By Nicolás Isasi

A prelude that makes us breathe through the pipes of brass and wood is the beginning of the first studio album of the Belgian band Tiswatis, which has just been released. The melody of a melancholic saxophone introduces us to Morgen (in English, Tomorrow), recorded at North Garden Studios in Kortrijk (Belgium) between October and December 2019.

The band was formed in Ghent and brings together the following musicians: Tis (voice and guitar), Victor Camerlynck (voice, guitar, bass and trumpet), Filip Vanderoost (voice, piano and keyboard), Maarten Avet (sax and clarinet), and Nicolás Machado (drums and percussion). The beginnings of the band go back to the time when Tis, played in some cafes and bars in the city of Louvain, where he studied medicine with his colleagues Maarten and Filip. They set out to form a band. A few years later, at an exhibition, they met Nicolás Machado (the only Argentinian, with whom I played for several years in another band, coincidentally also formed by doctors). After the drums, they clearly needed a bassist, and so Victor came in. Since then, Tiswatis meets every Friday in Ghent to rehearse and create new compositions. Their musical style has its origins in Flanders folk. Tis is the composer and singer of most of the songs, some of which were created many years ago and others a few months ago. The year 2019 was entirely dedicated to shaping their first album, Morgen, now available on different digital platforms, vinyl, and CD.

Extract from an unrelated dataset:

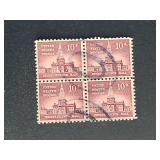 US Stamps 1956 Liberty Series: Independence Hall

That little leitmotif played by a saxophone appears as the only survivor in the middle of these pipes, giving life to the 10 following songs, and emerges as a bridge in the first song of the album called Zeelandbrug. It is a kind of French coffee ballad, with a jazzy air on the piano, a catchy melody and the winds that accompany and help to create an atmosphere that is strange and pleasant at the same time. Morgen is the title track. If we think of a live performance, this would be the song that the fans applaud from the beginning and then chant that very rhythmic chorus that repeats “morgen, morgen, morgen” because it has a rock-pop quality with a particular participation of the sax and strings. Fleur D’o is an eye-catching song because of the phrasing in delay of the text all the time. It seems to be a playful game by Yann Tiersen with reggae airs. Among the aspects to highlight, there is a beautiful female chorus and at the end of the song, the best saxophone solo of the whole album that starts by joining the chorus but then wins its improvisation giving it an aspect that could make the song last much longer. De Nacht marks the beginning of the longest song on the album, which features a beautiful clarinet solo. The last song on the album, Slaapliedje, is mysterious, slow but subtle with the soft use of the piano and the guitar. Another big difference between this album and others is that its songs are in Flanders, while many of the Belgian bands sing in French or English.


The official presentation of the album took place on October 10 at the Tinnenpot Theatre in Ghent for the audience present and also by streaming due to the pandemic. The band played Morgen live in its corresponding order and with all the following guest musicians that appear on the recording: Maud Delbeke (voice), Ruben Schelstraete (accordion), Mustafa Avsar (baglama), Sigi Tooten (cello), Katrien Peeters (violin), Wilfried Peeters (viola) and Filip Tanghe (mix, electric guitar and percussion). They also had the mastering of Frederik Dejongh (Jerboa Mastering) and photography by Alex Vanhee. Even the gorgeous album cover designed by Simon Tousseyn features a faceless couple like the colorful works of Polish artist Paweł Wróbel.

Morgen brings us the best of their repertoire, and although some songs were left out of the album because they didn’t fit into the length of the vinyl (which has a maximum duration of approximately 22 minutes per side), they can be heard on digital platforms in single format under the name Morgen (Extra). In the meantime, let’s let things sing… and let’s delight in their sounds.